Die Nutzung einer gemeinschaftlich betriebenen Holzheizung ist in Netttersheim so erfolgreich, dass man im Heizraum der Hauptschule eine zweiten 6oo kW – Anlage baut, die dann ein rund 200 Wohneinheiten umfassendes Neubaugebiet mit Heizenergie versorgen soll.
„Es ist schon schön zu sehen, dass es bei einem entsprechenden politischen Willen offenbar doch gelingt genau jene energiepolitischen und arbeitsplatzerhaltenden Maßnahmen durchzusetzen für die wir schon lange Jahre streiten. Offenbar haben hier die Entscheidungsträger im Rathaus gemerkt, dass eine wirtschaftliche, regionale Wertschöpfung mit nachhaltigen, finanziellen Einsparungen im Bereich der Nutzung von Bioenergie, ein Erfolgsrezept für die Kommunen ist.“, so der Fraktionsvorsitzende der Bündnisgrünen im Kreistag von Ahrweiler Wolfgang Schlagwein. Hennes Fuhrmann, Parlamentarier im Verbandsgemeinderat von Altenahr stellte ernüchtert fest, dass „unsere Initiative für eine Holzhackschnitzelheizung in der Grundschule von Ahrbrück schlicht an der mangelhaften Informationsbereitschaft der Altenahrer Planer und Entscheidungsträger gescheitert ist. Das Ablehnungsargument, dass durch eine Holzbefeuerung eine Geruchsbelästigung entstehen würde kann man getrost ins Reich der dunklen technischen Phantasielosigkeit stecken. Wer trockenes Holz verbrennt, der erntet keinen stinkenden Qualm.“

Die Fachvorträge am Abend beschäftigten sich vor allem mit den forstwirtschaftlichen Grundlagen der energetischen Nutzung von Holz, den Fördermöglichkeiten von Holzheizungen im privaten und öffentlichen Sektor, dem Stand der Technik von Holzpelletheizungen und deren Zukunftschancen.

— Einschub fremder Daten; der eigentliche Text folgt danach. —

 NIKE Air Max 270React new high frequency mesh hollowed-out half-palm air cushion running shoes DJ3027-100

Im Publikum befanden sich vor allem Heizungsbauer und Installateure aus der Eifelregion, die die Weiterbildungschancen im Holzkompetenzzentrum nutzen, um auf einem Zukunftsmarkt bestehen zu können. Die Nachfrage privater Bauherren nach langfristig kostengünstigen Holzpelletheizungen hat in den letzten Jahren enormzugenommen. In diesem Berufsfeld hat man erkannt, wie man Wertschöpfung und Arbeitsplatzsicherheit mit den Interessen von Mensch und Natur verknüpfen kann.

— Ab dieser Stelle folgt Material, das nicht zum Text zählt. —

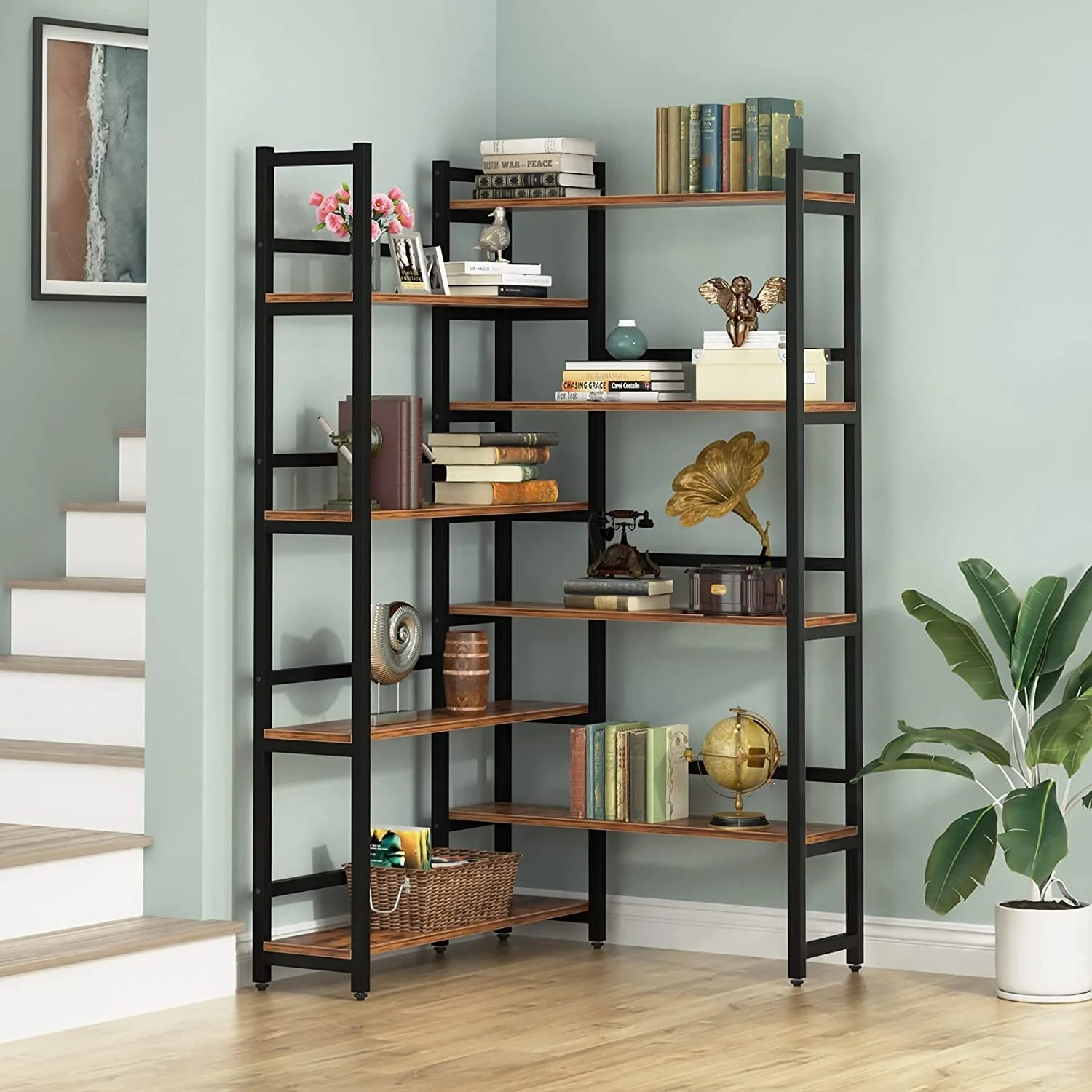 Corner Bookshelf 8-Tier Industrial Bookcase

Die Spitzenkandidatin der Ökopartei für die kommende Kreistagswahl Ute Reuland interessierte sich in einem Pausengespräch mit einem Referenten der Energieagentur NRW besonders für die Finanzierungsmodelle der zukunftsträchtigen Energieprojekte. „Um als Grüner nicht als finanzpolitischer Spinner dargestellt zu werden muss man sich halt auch mit diesen Themen befassen. Als Angehöriger einer großen Mehrheitsfraktion kann man da schon eher mal uninformiert sein. Hauptsache du hebst im richtigen Moment den Arm.“
Aber für die Grünen ist das eigentliche Finanzierungsmodell für solche ökologischen Projekte zweitrangig. Contracting – Modelle mit Firmen, GmbH – Modelle mit Energieerzeugern oder kombinierte Contracting – leasing Modelle sind für die Grünen denkbar, die Hauptsache so die Spitzenfrau ist, „dass die Entscheidungsgewalt auch bei den gewählten Entscheidungsträgern bleibt und nicht wie oft erlebt an irgendwelche undurchsichtige Firmenkonstrukte übertragen wird.“
Es bleibt die Hoffnung, dass man auch in der VG Altenahr und im Kreis Ahrweiler bald die Chancen und Möglichkeiten von technischen Innovationen im ökologischen Bereich erkennt und hierfür in den Räten den Arm hebt.